The world looks different from the east than from the west. One thing is clear following the G20 summit in Seoul. It is that the perceptions of the causes of the recession in the emerging economies and in the developed world are quite different. Indeed for much of the developing world there has been no recession at all.


It is an important difference because it leads to different policy prescriptions. Is the principal problem that the west went on a consumption binge financed by borrowing? Or is it that the east used the fact that many of its currencies are undervalued to boost its own growth at the expense of the rest of the world?


Everyone agrees there are global trade and payments imbalances that are unsustainable, but until you can agree on the causes it is impossible to agree on a treatment. But if you start from the data, some things do become evident. One is that current account imbalances are a problem for the US more than for the developed world as a whole. The US current account has not been in surplus since the early 1990s and it deteriorated in pretty much a straight line until 2006, when the deficit exceeded 6% of GDP. As the recession stuck and import demand was curbed there was a sharp improvement but the gap remained above 2% of GDP. Now that the economy is growing again the deficit has started to widen.


The rest of the developed world has remained close to balance or in modest deficit for the past 20 years. This is remarkable because that period has included the early 1990s recession, the early 2000s slowdown and the most recent crisis.

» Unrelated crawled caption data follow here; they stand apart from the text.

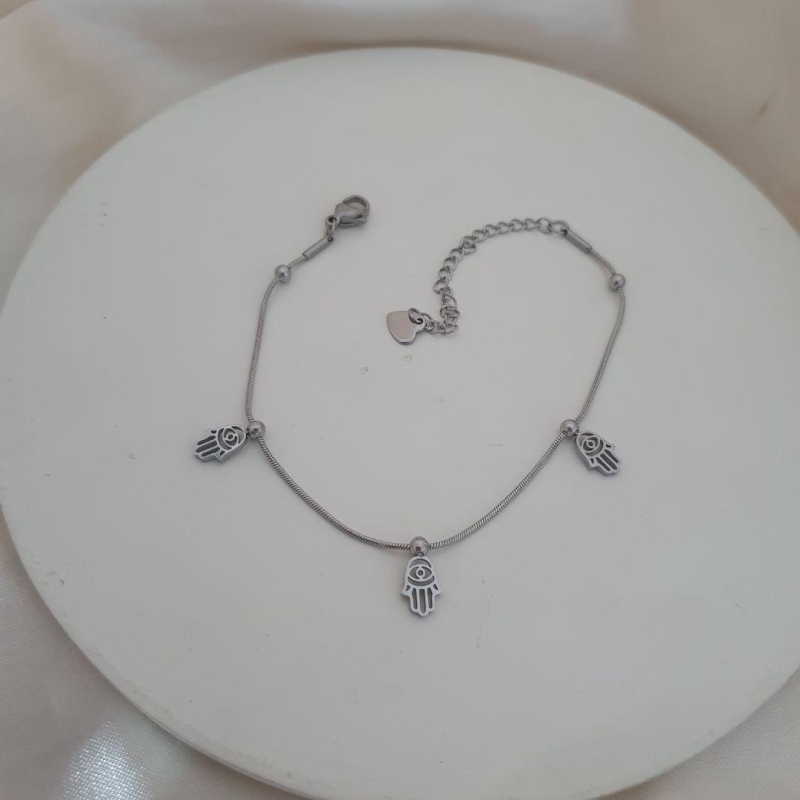 Pulseira inox mão de Fátima (mão grega)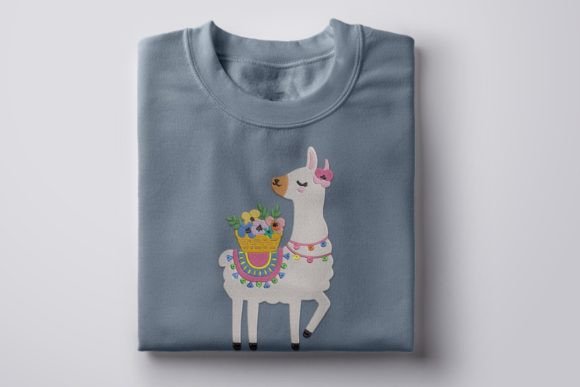 Beauty Alpaca Embroidery Animales Salvajes Diseño de Bordado Por Memo Design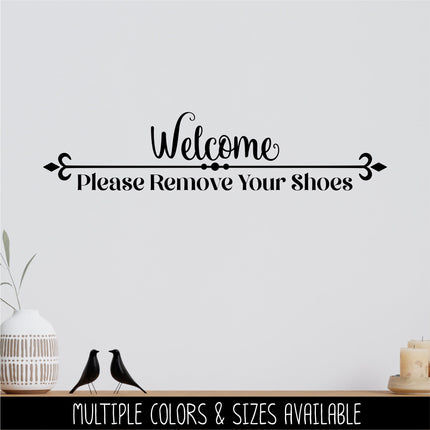 Welcome Remove Your Shoes Decal - Welcome Remove Your Shoes Sticker -Remove Shoes Door Decal -Remove Shoes Wall Decal -Remove Shoes Window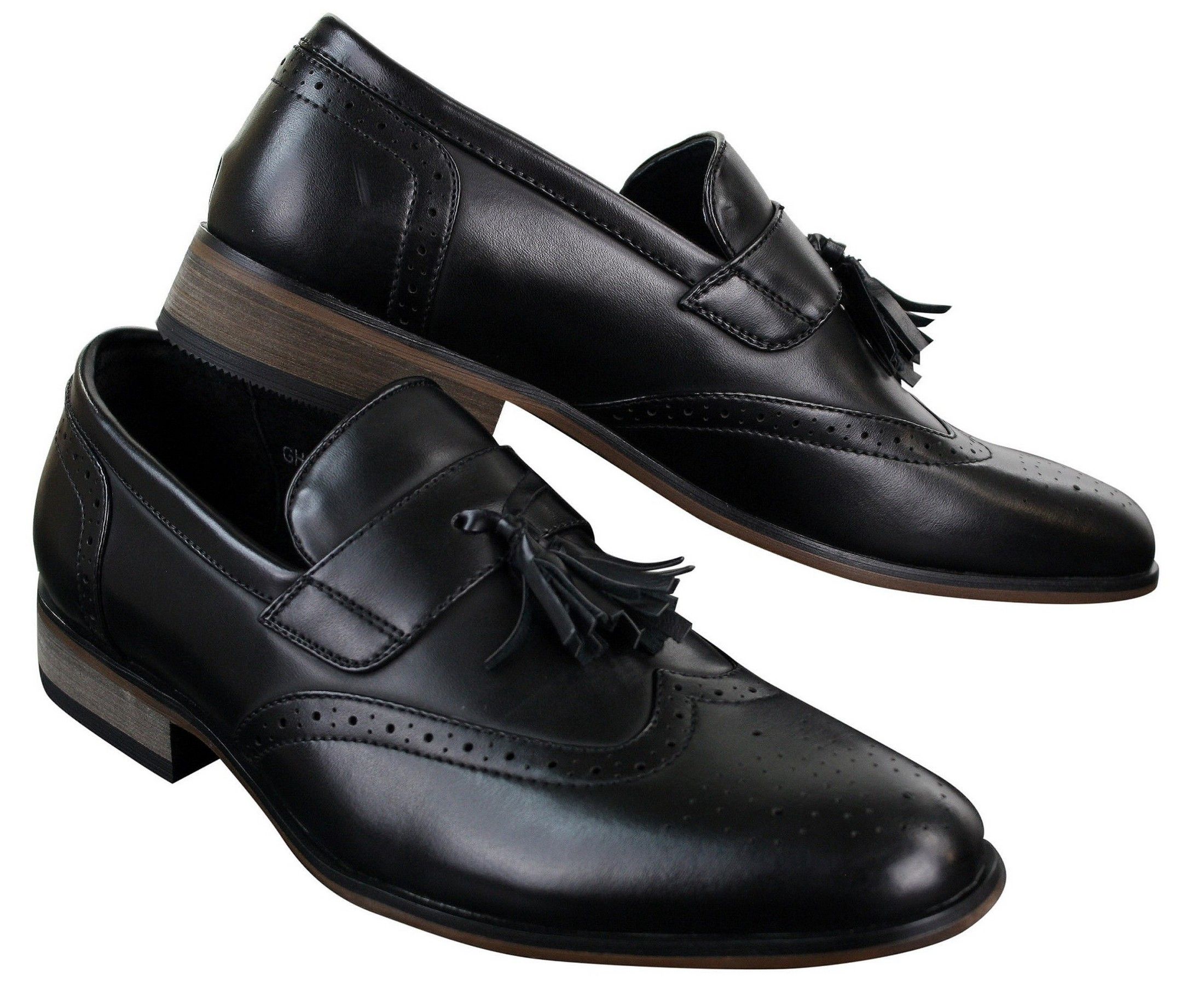 Mens Leather Slip On Tassle Brogues Driving Shoes Loafers Classic Vintage Retro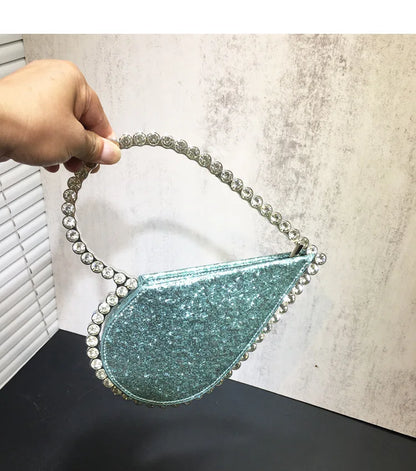 2024 New Heart Shape Rhinestone Handbags Party Day Clutches Crystal Handbags For Wedding Gift Purse Women Prom Dinner Purses Bag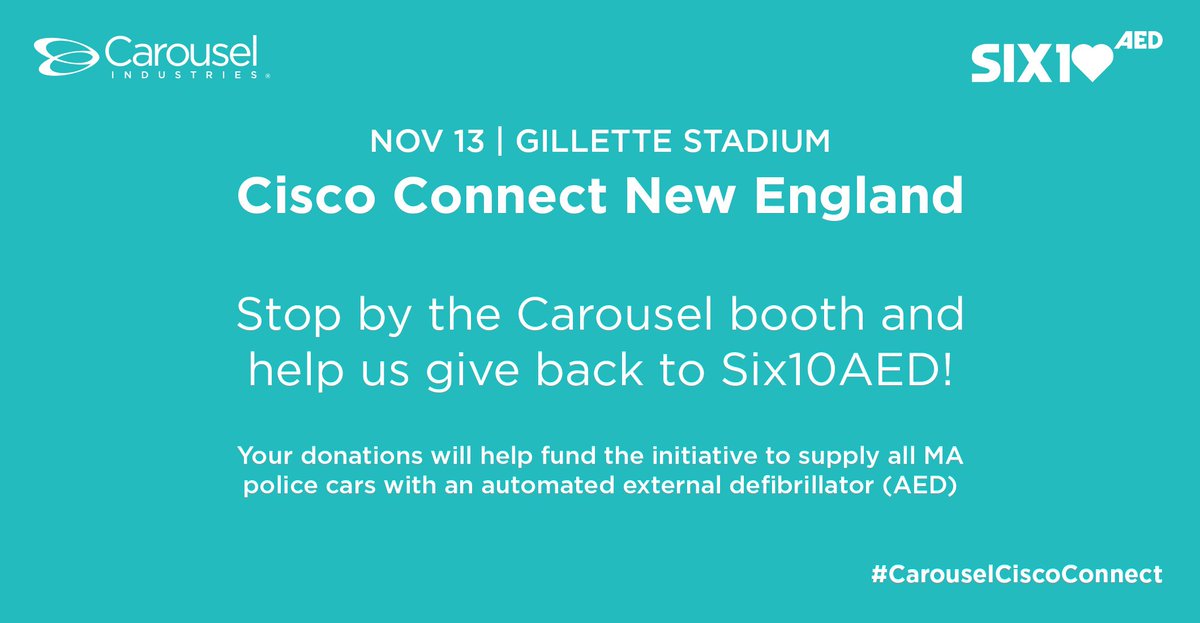 markdamphousse's tweet image. Proud to support SIX10 AED during #CiscoConnect New England to help put defibrillators in police vehicles. Donate with Venmo to @ six10aed and we’ll match all contributions! #philanthropy #givingback @Cisco #CarouselCiscoConnect
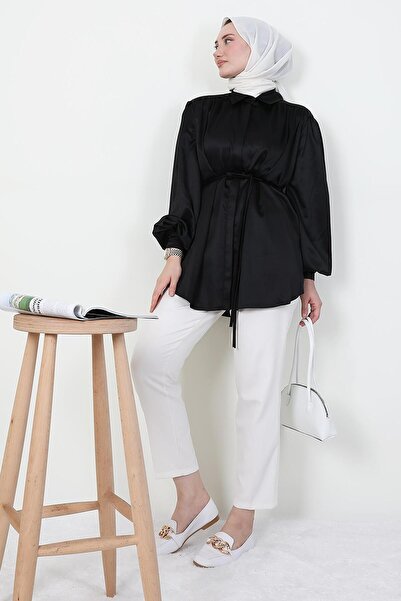 giz astore Gizli Düğmeli Saten Gömlek Siyah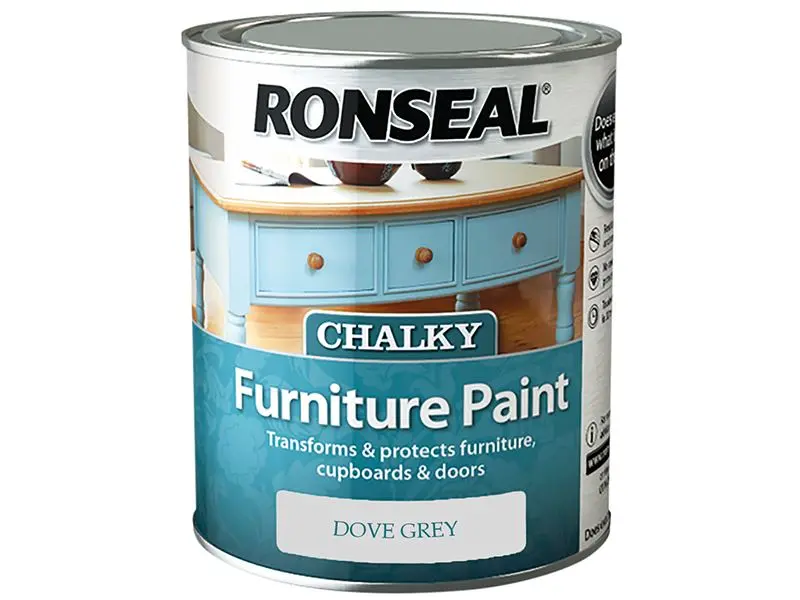 Ronseal Chalky Furniture Paint, Dove Grey, 750ml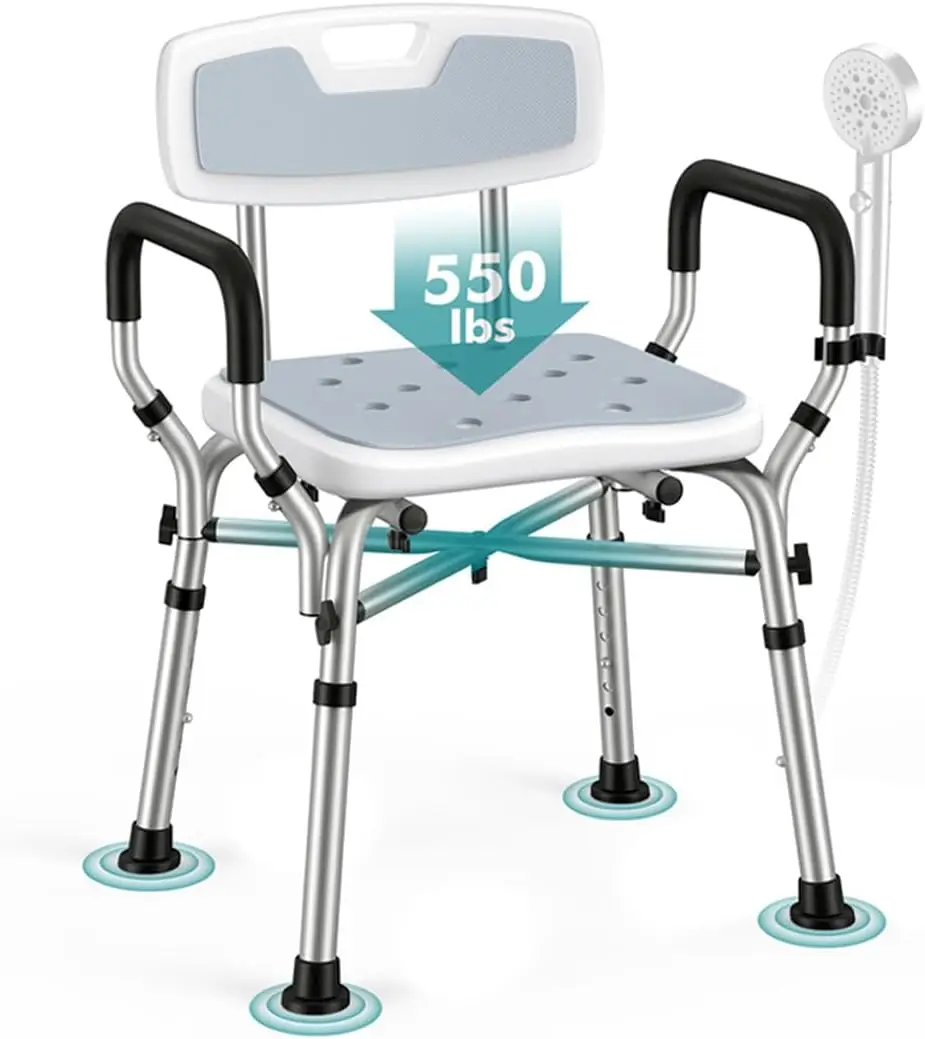

Adjustable Shower Chair with Removable Arms & Back - 550 lbs Capacity, 6 Height Settings for Elderly & Disabled Bath Safety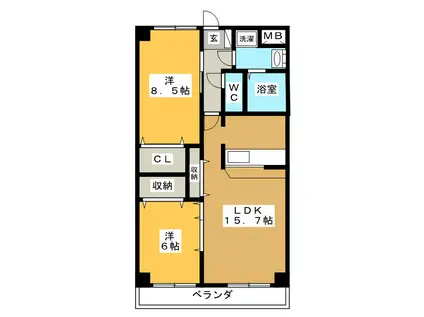 ALCYONE(2LDK/2階)の間取り写真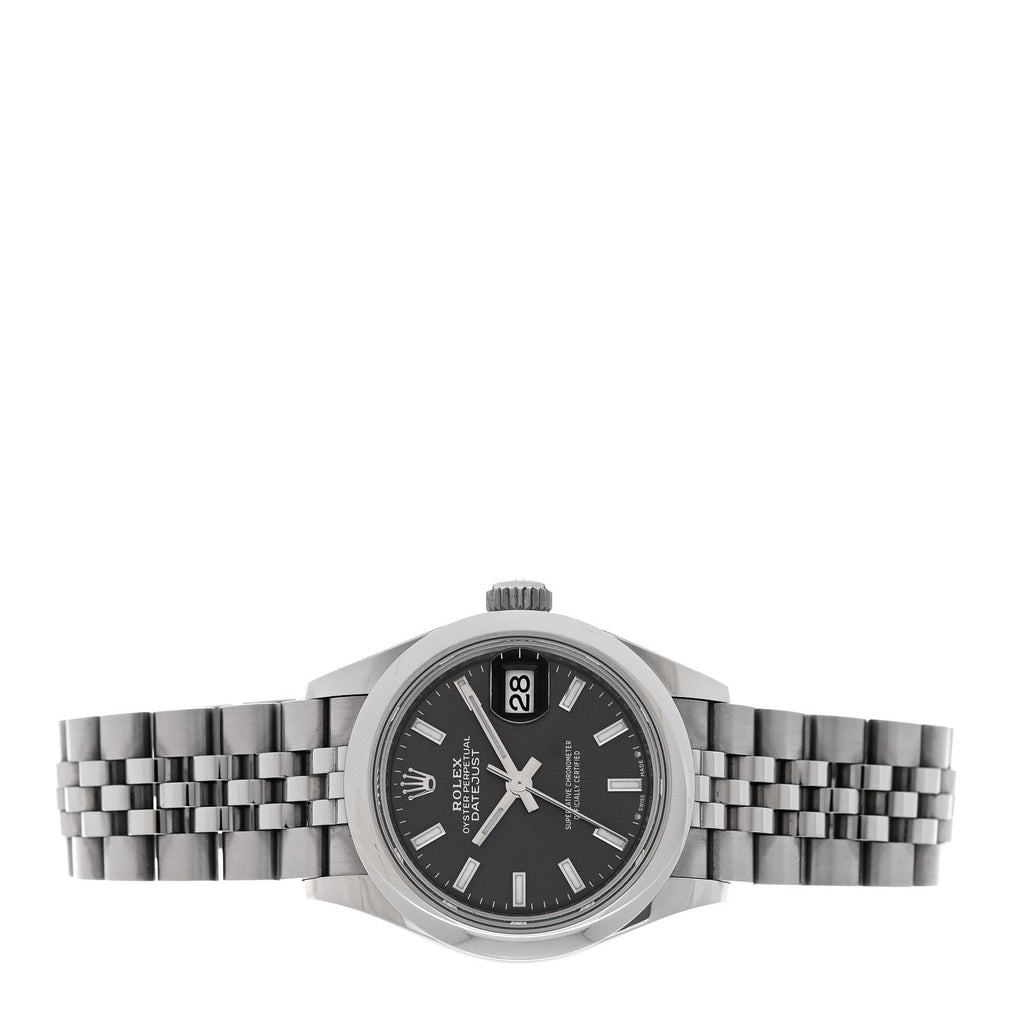 Stainless Steel 28mm Oyster Perpetual Datejust Watch Dark Grey 279160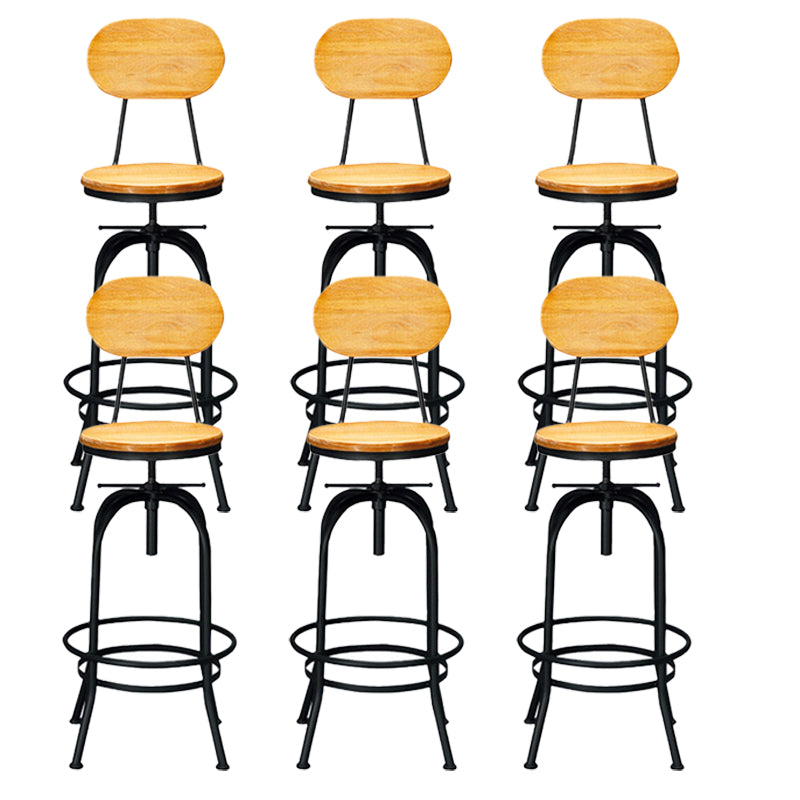 Solid Wood Dining Stool Industrial Adjustable Height Bar Stool with Footrest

If you take the emerging economies over the same period there was a gradual shift from deficit to a large surplus but that surplus has now come right down. You could make a case that the emerging countries exploited their position as exporters during the boom, but it is rather harder to make that case now.


But before anyone concludes that the adjustment is well and truly under way, note the different amounts of slack in the economies of the developed world vis-à-vis the emerging world. The developed world, apart from the US, is running way below capacity and the US is running with even more slack than the rest. But the emerging world is, if anything, running ahead of sustainable capacity.


Now the point here is that, as we in the west return to full demand, we will tend to suck in more imports. Meanwhile the east is in surplus even when running at pretty much full speed. The imbalances have been corrected to a fair extent but only because we are still way below full output. So there is still a structural problem.


What should be done? One option would be a further dollar devaluation, particularly against emerging market currencies. A second shift would be a sustained boost to US and other developed market demand, which will presumably require continued easy money policies. And the third would be some modest curb on demand in the emerging world.


That all sounds hunky-dory until you look at the practical difficulties. For a start, the emerging markets, particularly China, will resist a revaluation. China is desperately anxious to avoid what it sees as the mistake of Japan in allowing its currency to become overpriced. The other difficulty is how to boost demand in the developed world, given the debt we are all carrying. The least indebted of the G7, Germany, is carrying nearly double the debt of the most indebted of the large emerging countries, China.


Put this way, there is no easy solution. Whatever else happens there will have to be a rise in the emerging market currencies. But there is also a responsibility of the developed world to boost demand.


A decade ago, after the Asian and Russian debt crises, the west could assume it would be listened to. That has changed. Why should countries that have had a good crisis take lessons from those that have had a bad one?